Ce qui est dommage, c’est que le film ne tient pas vraiment ses promesses. Les premières images montrées par le distributeur, correspondant à un montage resserré de la première moitié du récit donnaient envie de découvrir la suite. Hélas, le résultat final n’apporte rien de plus que des scènes assez inutiles, surlignant le principe du “Jour sans fin”, et ce dénouement décevant. Forcément, c’est la frustration qui domine, car on espérait un film de SF à la fois jubilatoire et intelligent et on se retrouve avec un “simple divertissement” formaté.

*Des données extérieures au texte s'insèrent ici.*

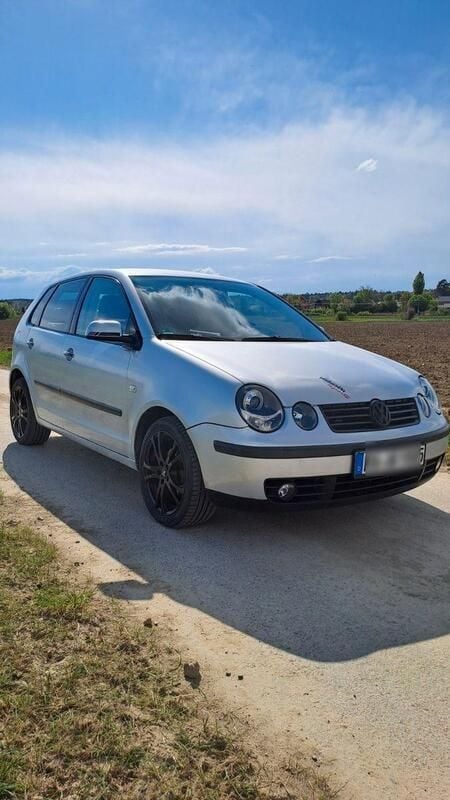 Silber Gebraucht 2004 VW Polo Basis Kleinwagen | 1.599 € (Fairer Preis) - Bild 1/4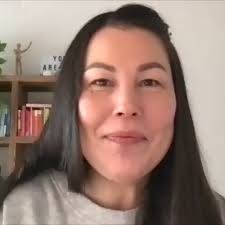 BARBARA MURAKAMI uses Clean Language, Psychosynthesis and Focusing in her  Shiatsu practice in Düsseldorf, and teaches Clean Language to bodywork  practitioners. She is will be at CLEAN LANGUAGE SPIRIT in Berlin, 21-23
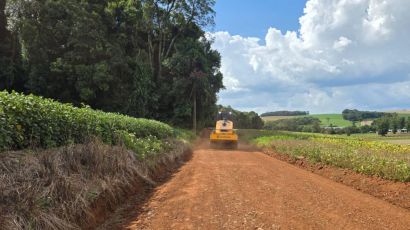 Prefeitura de Xanxerê inicia pavimentação asfáltica na Linha Barro Preto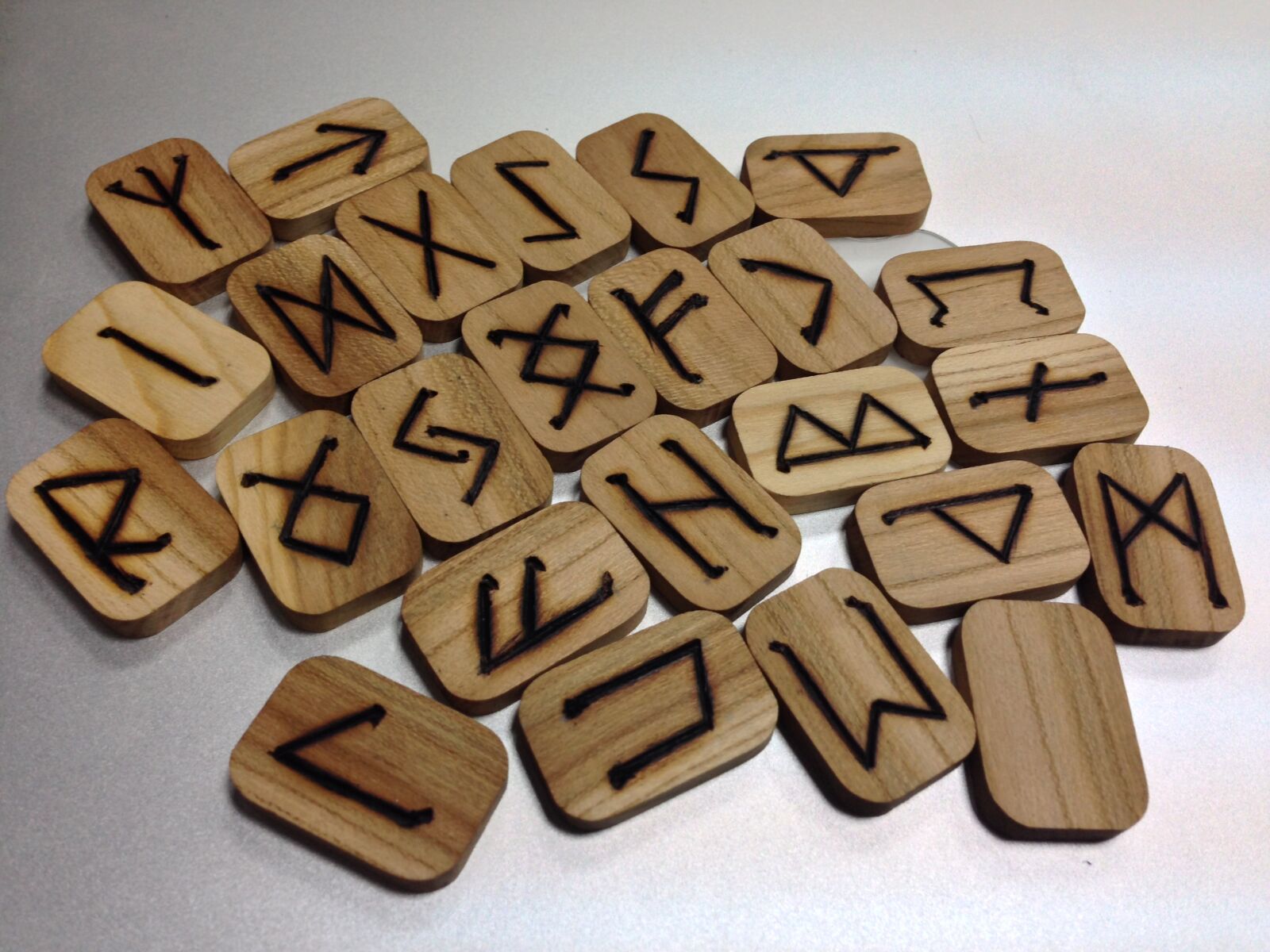 iPhone 5 back camera 4.12mm f/2.4 sample photo. Runes, rune set, runic photography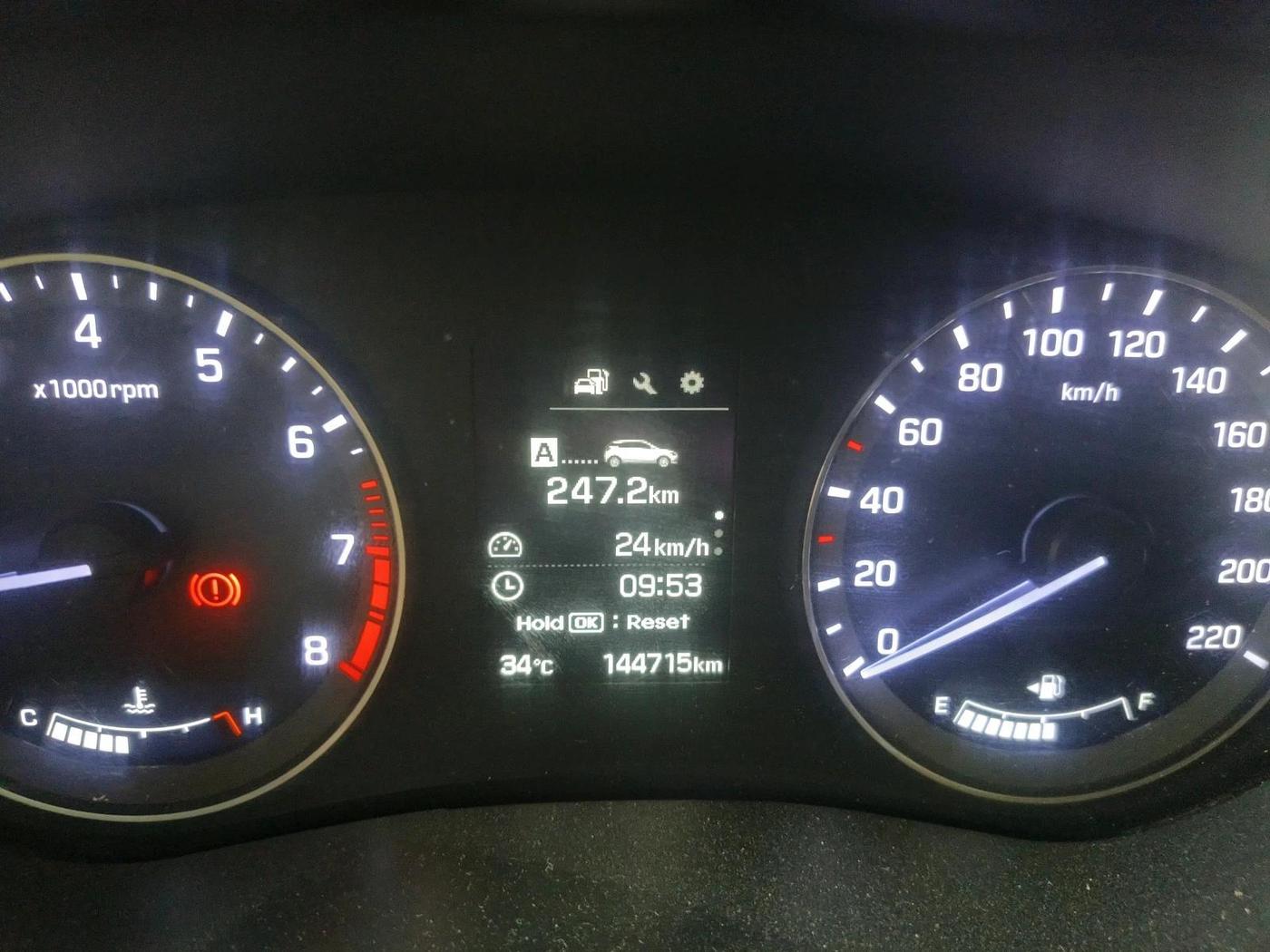 2018 Hyundai i20 Active 1.2 SX, Petrol, Manual, 1,44,715 km, interior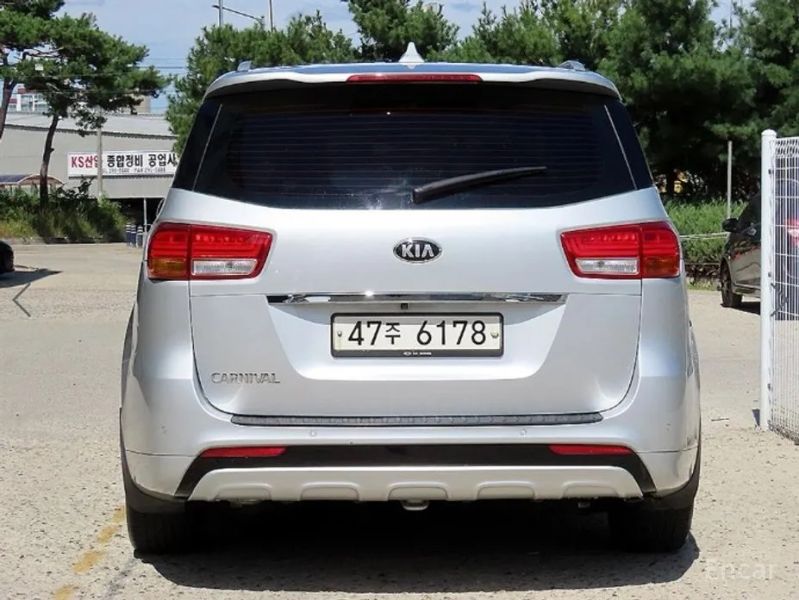Kia Canival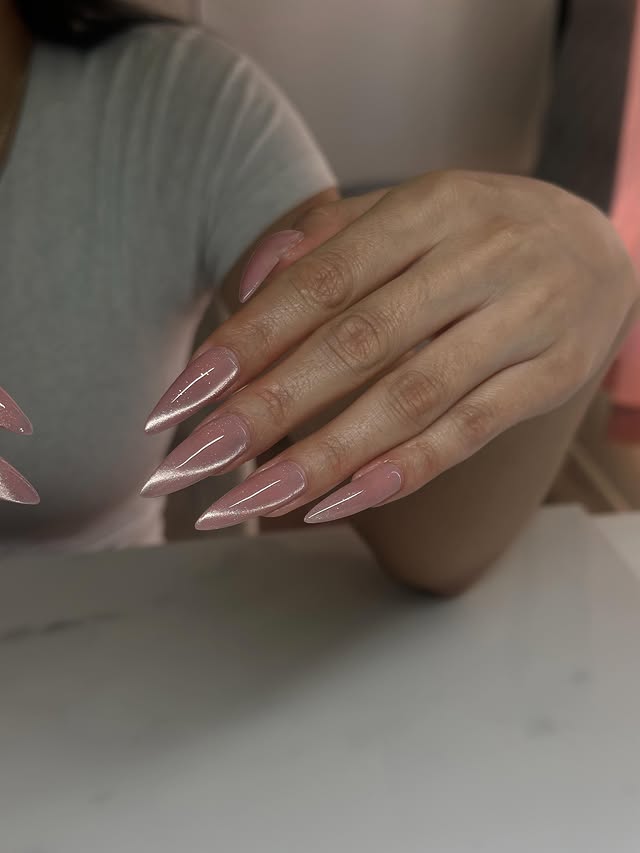 Instagram post by @dreanailzz for VBeautyPure. Caption reads: dreamy ✨ Products used @vbeautypure code “ ANDREA....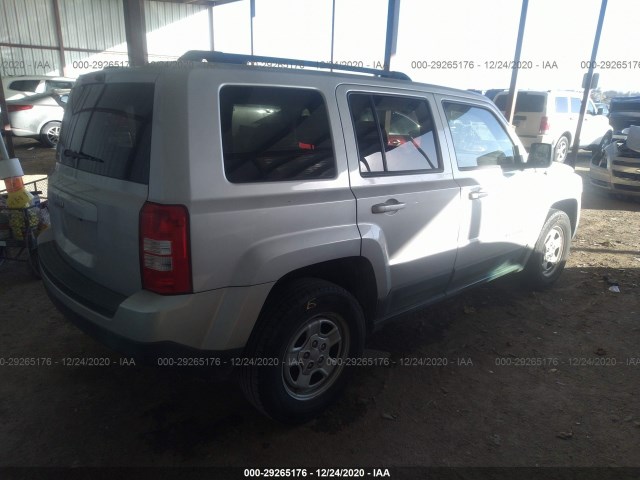 Photo 3 VIN: 1J4NT1GB7BD159677 - JEEP PATRIOT 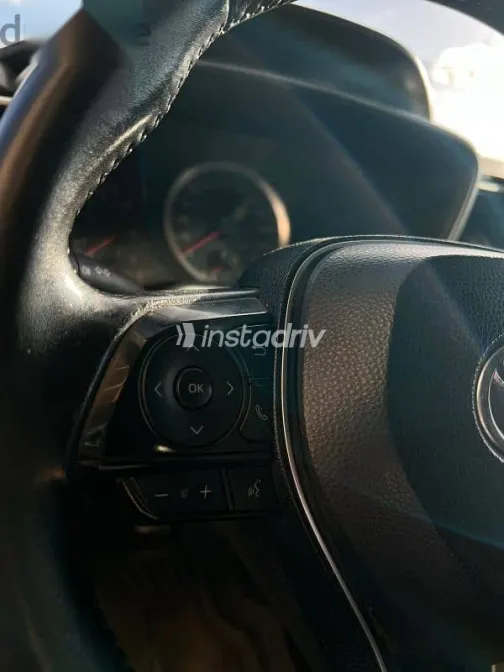 تويوتا كورولا 2019 فضي مستعملة للبيع - 3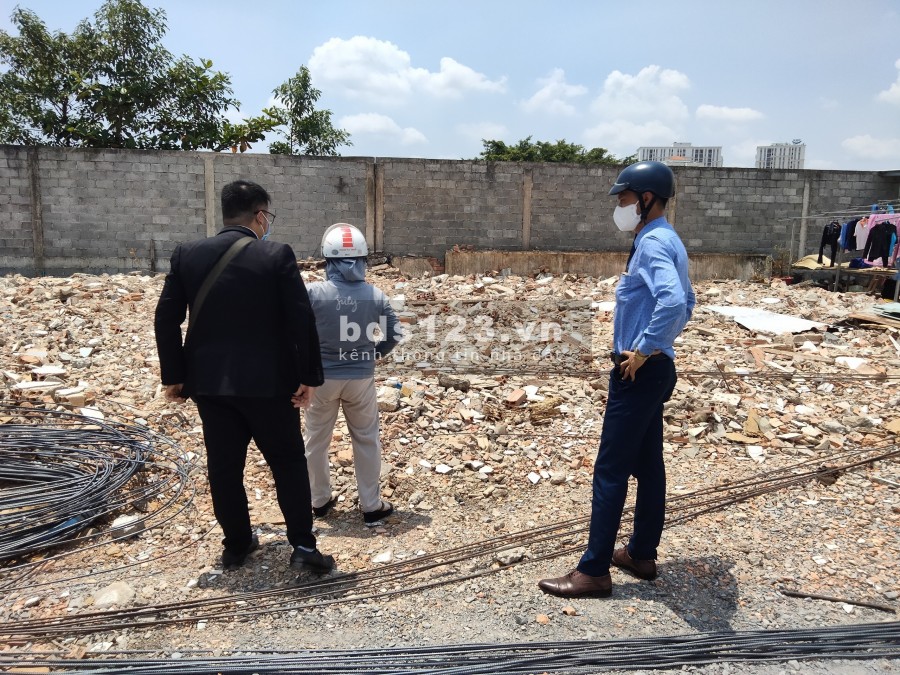 Đất Bình Tân ngay bến xe đi về hướng ủy ban nhân dân Bình Tân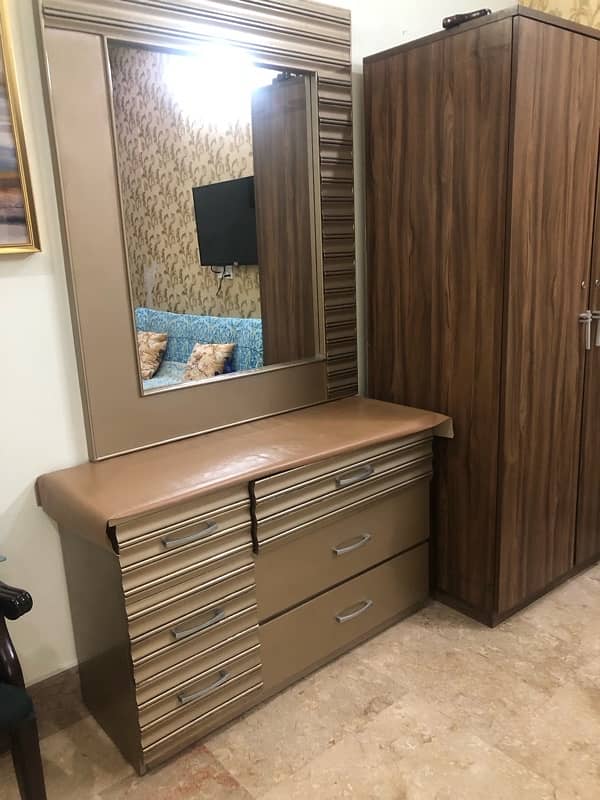 chinioti bed set with side tables and dressing table 2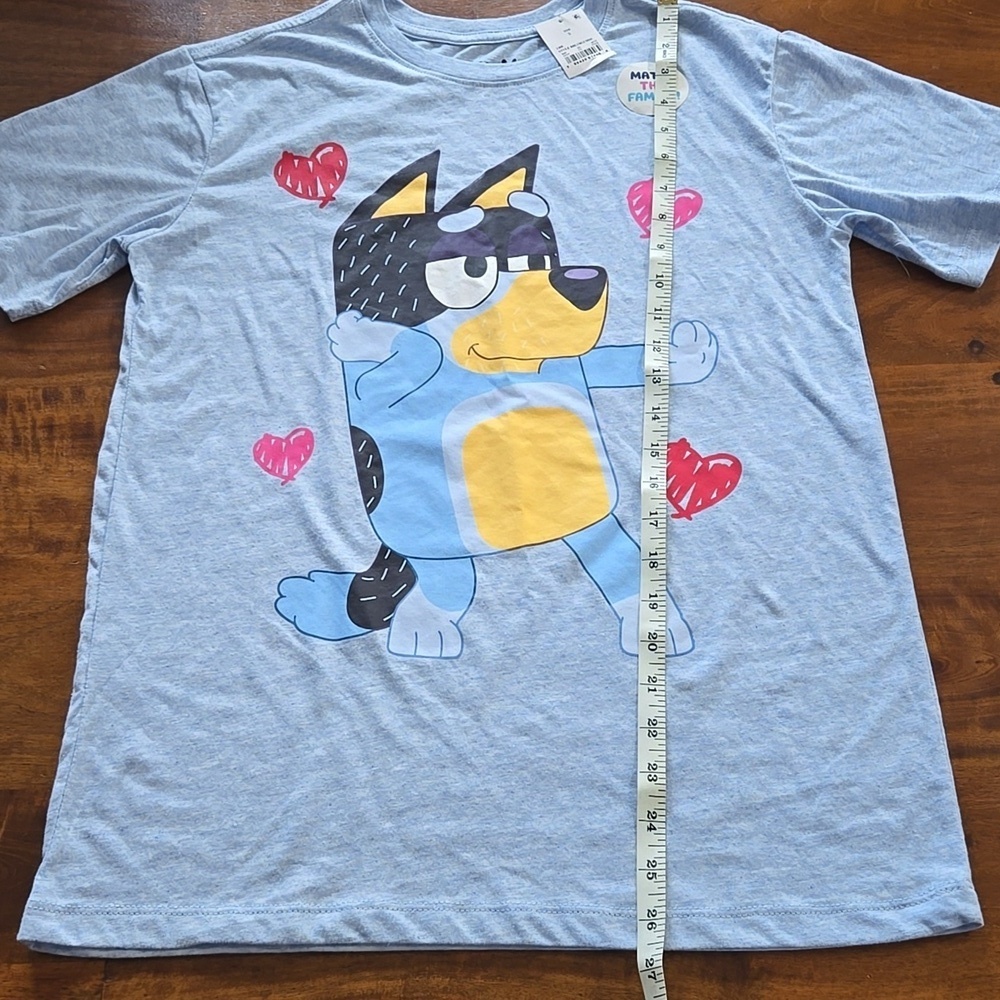 NWT Bluey  Light Blue Heather Short Sleeve Graphic T-Shirt Women's Size Small - Picture 5 of 6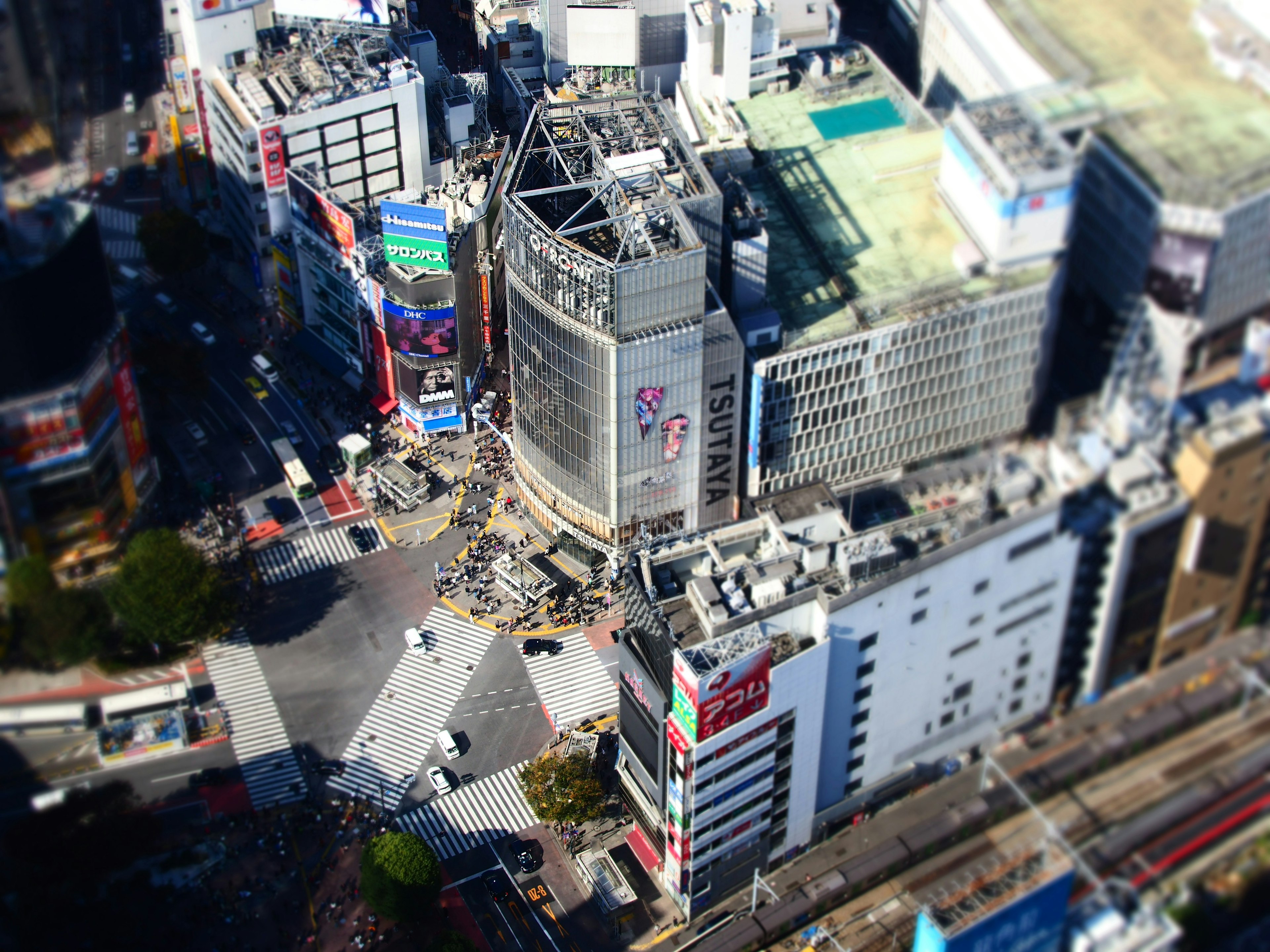 Hình ảnh từ trên cao của Shibuya với nhiều tòa nhà và một ngã tư đông đúc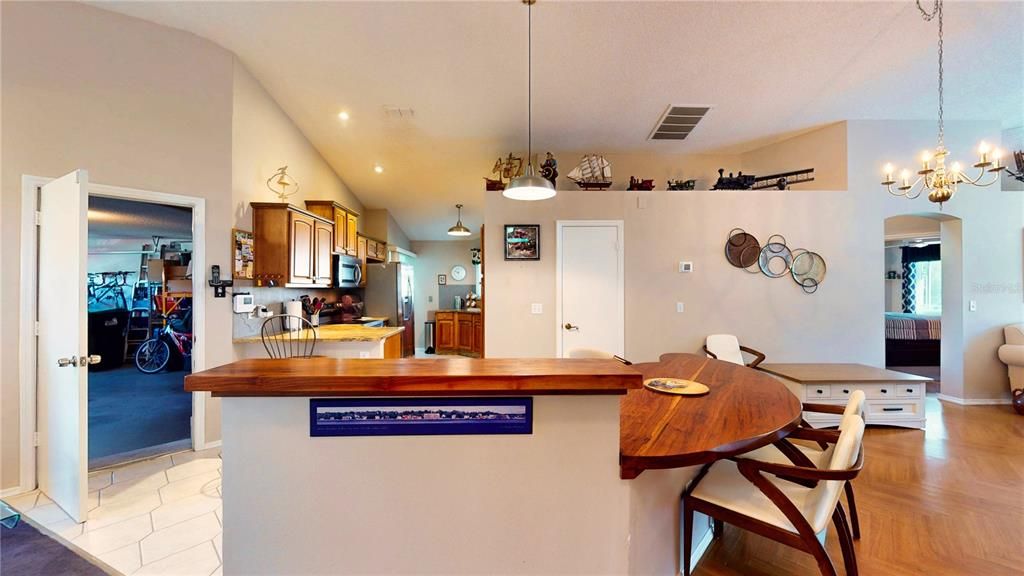 Active With Contract: $379,900 (3 beds, 2 baths, 1621 Square Feet)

Mais sans doute attendait-on trop de ce film. Edge of tomorrow n’a probablement été conçu que comme un gros blockbuster estival destiné à un large public. Dans cette catégorie, force est de constater qu’il constitue un spectacle tout à fait honorable, susceptible de plaire à son public-cible – les adolescents et les jeunes adultes – tout en bénéficiant de l’indulgence des autres spectateurs, finalement heureux de voir un divertissement légèrement au-dessus de la moyenne des blockbusters US.
De notre côté, nous n’avons pas détesté le film de Doug Liman, mais nous n’avons pas vraiment envie de le revoir en boucle… Notre critique se ferait de plus en plus féroce avec la répétition des visionnages…

(1) : Nous n’avons pas lu le roman original, mais nous nous fondons sur l’avis de confrères l’ayant parcouru. Hormis le personnage principal, modifié pour convenir à Tom Cruise, le reste semble assez fidèle.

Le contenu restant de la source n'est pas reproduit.